Russell: China's modest stimulus does not have a big impact on commodities.

China has largely promised to continue the mild stimulus policy of last year, despite hopes that China's annual parliament meeting would bring a significant economic boost and boost commodities. The announcement of a 5% economic growth goal and the promise to increase consumption and combat any negative effects of the trade war with the United States was encouraging.
The parliament meeting of this week was also far short of any sort of announcements of stimuli that could have given commodity markets confidence that China, as the largest buyer of natural resources in the world, will see a meaningful increase in imports by 2025.
What's likely to happen is that the same trends as in 2024 will continue, with some commodities performing better than others, but overall, the story remains one of modest growth.
Data from the first half of this year suggests that China's imports are continuing on their recent path.
LSEG Oil Research estimates that China's crude oil imports in February were 10.75 million barrels a day (bpd), up from January's 10.1 mbpd but down from the 2024 customs figure of 11,04 mbpd.
The government has encouraged consumers to switch to new energy vehicles, which can be either hybrids or full-electric vehicles.
The subsidy program for switching to NEVs as well as more efficient appliances in the home was expanded this year. This means that NEVs will continue to grow rapidly, and now account for more than half of all new car sales.
The news isn't good for those who hoped that the increased focus on consumer spending would lead to a stronger demand for steel.
In a draft report by the state planner, China revealed for the first time in the last five years a plan to reduce crude steel production in 2025.
The report did not specify the steel output target, but it is likely to be less than 1 billion tons. This is the level at which China's production of steel has fluctuated around since 2019.
China's imports will be affected if steel production drops from the 1,005 billion tons in 2024. These are the two main raw materials.
COAL, IRON ORE
China imports around 75% of the seaborne iron ore in the world, but they are not off to a good start by 2025.
Kpler estimates that February arrivals will be 83.92 millions tons, the lowest total since April 2019. This is down from 104.34 in January.
Imports may have been affected by the Lunar New Year holidays in February, but adding them to Kpler's estimate for January gives an average daily of 3,19 million tons over the first two month of the year. This is down from the 3.39 million tons of 2024.
Kpler estimates that China's seaborne coal imports have fallen to 29.82 millions tons in 2025. This is the lowest level since February 2024, and is down from 35.9 million tons in January.
It is likely that the decline in coal imports reflects lower domestic fuel prices which have led to a rise in inventories, and a reduction of demand for imported fuel.
The announcements made by China this week were positive for commodities, especially those that are associated with energy transition.

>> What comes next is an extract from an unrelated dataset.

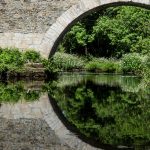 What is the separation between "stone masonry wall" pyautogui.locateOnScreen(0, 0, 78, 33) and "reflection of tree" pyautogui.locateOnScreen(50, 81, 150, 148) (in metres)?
6.49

In a Wednesday statement, the National Development and Reform Commission announced that China would develop new offshore wind farm and accelerate construction of "new energy bases" in the western desert areas of the country.
China's continued focus on renewable energy is good for its demand for metals like copper, aluminum and silver which are used in the manufacturing of solar panels.
The Shanghai exchange's copper contracts rose as early as Thursday morning, rising as much as 1.1 percent to 77.990 yuan (10,757) per ton. They are now up by 5.2% from the end of the last year. Aluminium futures were only up 0.5%.
The ongoing commitment to build renewable energy capacity in China and increase the share of NEVs is a reason for some optimism. However, the residential real estate sector continues to be a source of concern.
The potential impact of trade wars launched by Donald Trump's administration, which could slow down global growth and increase inflation, is a greater concern.